Okay so it's been like 3 weeks since my last post and I want to apologize to all of you, my adoring fans, for making you wait so long for your next awesomeness hit. The last few weeks have been busy ones, what with all of the video games I've been playing. I had three new games to get to - and those games weren't going to play themselves, you know. But I've finally gotten bored with those games, so here I am.* And yes, it is blog post time.
In this blog post, I have a number of serious and thought-provoking questions and situations** to pose to my readers. The first has to do with one of the greatest movie villains of all time. This villain has stood the test of time - he originated in a movie in 1977 and children today still tremble with fear at the mention of his name.*** This villain's greatest line is spoofed in every movie that includes a son who doesn't know the identity of his father. This villain...*pauses for dramatic effect...doesn't work since this is text and not spoken word*...is Mr. Freeze.† Oh wait, no. Darth Vader. This villain is Darth Vader.
Up until four years ago, Darth Vader was that scary guy who wore a mask to cover up his ugly (not-so-scary) egg head and who breathed while talking.†† But then, four years ago, the story of how an innocent boy††† turned into this greatly-feared man who could breathe while speaking‡ was revealed. I was watching this movie recently (on the way back from my cruise vacation) and began to get angry at Aanakin for not seeing through Sidious' lies. As I watched the movie, it became quite apparent to me that this Palpatine guy was very obviously Satan. I mean, come on. The guy spent more of his time telling half-truths and straight up lies than President Obama, for crying out loud! But then, thanks to a point made by my brother, Matt, I realized something. This poor freakin' guy's only crime was ditching the Jedi for Natalie Portman. Here's my first question for this blog post: what living male would not ditch the Jedi for Natalie Portman?! Guys, I have some bad news. Were any of us put into the same situation, we'd all be Darth Vader. Seriously, though, if Mace Windu got all up in my face and was like "It's us or her" I'd throw up two fingers on each hand and be like "Peace, homies." No hesitation or contemplation needed.
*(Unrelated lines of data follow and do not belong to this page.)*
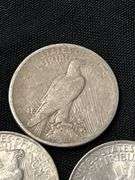 Three 1923 US Peace Silver Dollars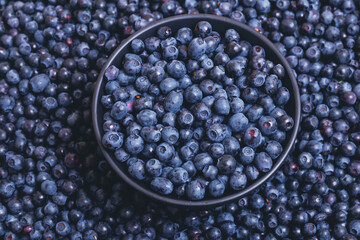 Fresh blueberries in black bowl on blueberries background.  Close-up. Top view. Bowl filled with...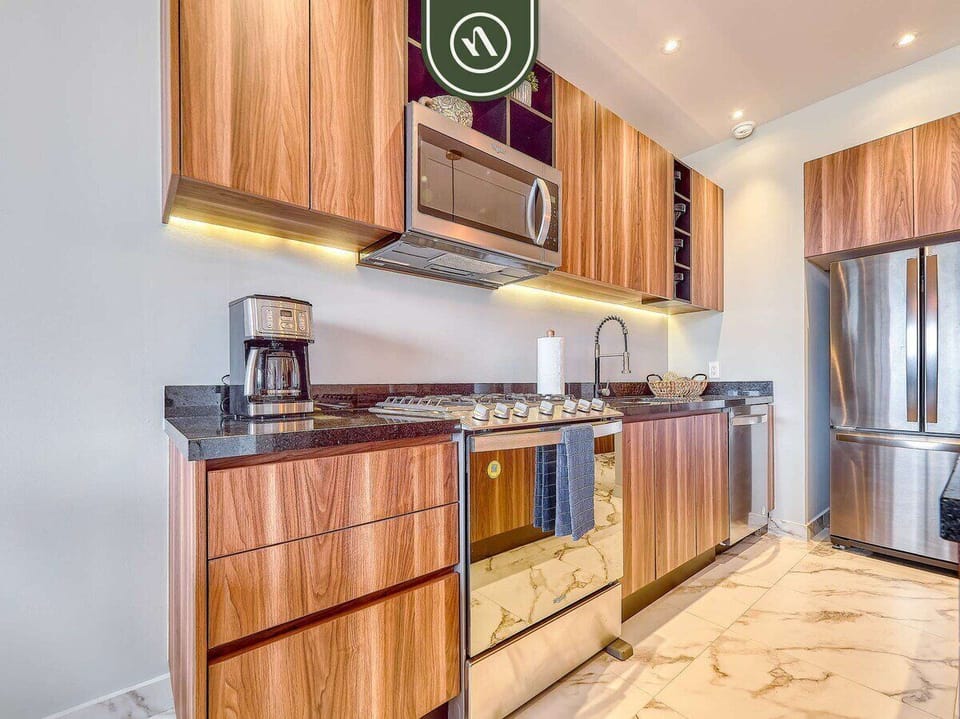 Fully equipped kitchen with granite countertops and premium appliances.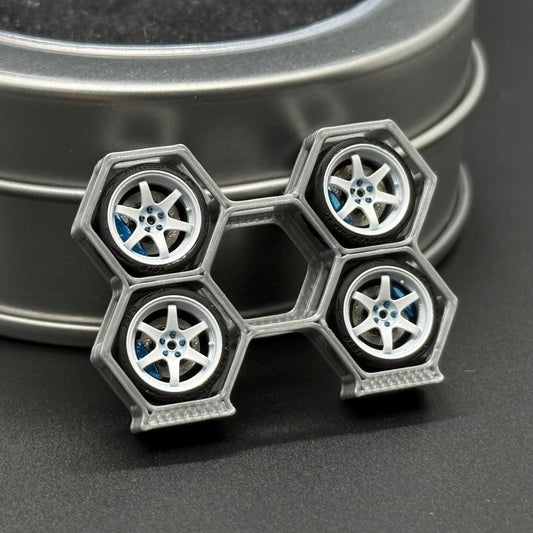1/64 scale die-cast wheels in silver hex layout with four blue hub accents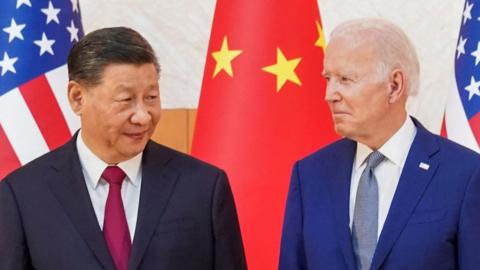 Xi Jinping and Joe Biden stand in front of US and Chinese flags at the G20 summit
And any man who tells you otherwise is probably lying. And now we move on to question two:
This one actually came to mind today. In the movie The Matrix,‡‡ the characters have to get to a phone in order to get out of The Matrix. This leads to a number of intense scenes where the characters have to race against the bad guys to get to the phone. If the bad guys get to them first, they die. If the bad guys get to the phone first and destroy it, our good guys are forced to run to another phone. All of this was incredibly intense and awesome while watching the movie, of course, but today a question that should have hit me long ago hit me:**** have these people never heard of cell phones?! They even carried them around with them all the time to talk with the operator dude! Think about how much easier it would make things:
Trinity: "Oh snap, operator guy, I need to get out of the Matrix."
Link: "Oh no problem, just hang up and I'll call you right back."
See how much easier that is?! No running to random phones that are always placed in the most inconvenient locations††††, no having to dodge bullets‡‡‡‡, and definitely no races against stupid agents who want to crush you while you're getting to the phone. And don't come telling me anything about how cell phones won't work and how it needs to be a landline or something. Cuz that's just a cop-out that the Wachowski brothers took to add more suspense to the movie.
Okay, so I'm done. And just a quick plea for help here: I find it quite difficult coming up with things to cover in these blog posts. I have no idea why that is difficult for me, seeing as it's never anything as serious as a heart attack,††††† but if any of you think of anything you think would be humorous, please message me.
*Not that my fans are second to video games or anything. *Gets nervous, chuckles.* I...I love you guys? *Begins dodging tomatoes.*
**If you still have to be told that statements like these are misleading, there's something wrong.
***Okay, so I'm the only person I know who actually trembles at the mention of his name, but misery loves company so shut up. Kids still recognize him, so I'm right.
†Teehee, Mr. Freeze. Seriously, could anyone come up with a lamer movie villain? "Iceto see you"?? Really? And who on Earth decided that Arnold Schwar.....uh....whatever...was a good actor??
††Which, by the way, is something that I want to perfect. How cool would I be if I could breathe and talk at the same time?? Don't lie, you think it'd be awesome, too.
†††Who, incidentally, is another person who can't act.
‡I am really hung up on this.
‡‡If you haven't seen The Matrix, this is not okay. You know the drill by this point: finish reading my blog post, maybe leave a comment,‡‡‡ then go rent the movie and watch it immediately. Classes, homework, a job, funerals, etc. are still not valid excuses.
‡‡‡Go ahead and leave a comment.
****REDUNANCYYYYYY.
††††I.E. The one direction that would put Agent Smith in your path.
‡‡‡‡Figuratively speaking, of course. Neo's the only one***** who can dodge bullets for real.
*****Teehee, get it? One? Cuz....cuz he's....the one? Okay I'm lame.
†††††Incorrect usage of the phrase "serious as a heart attack."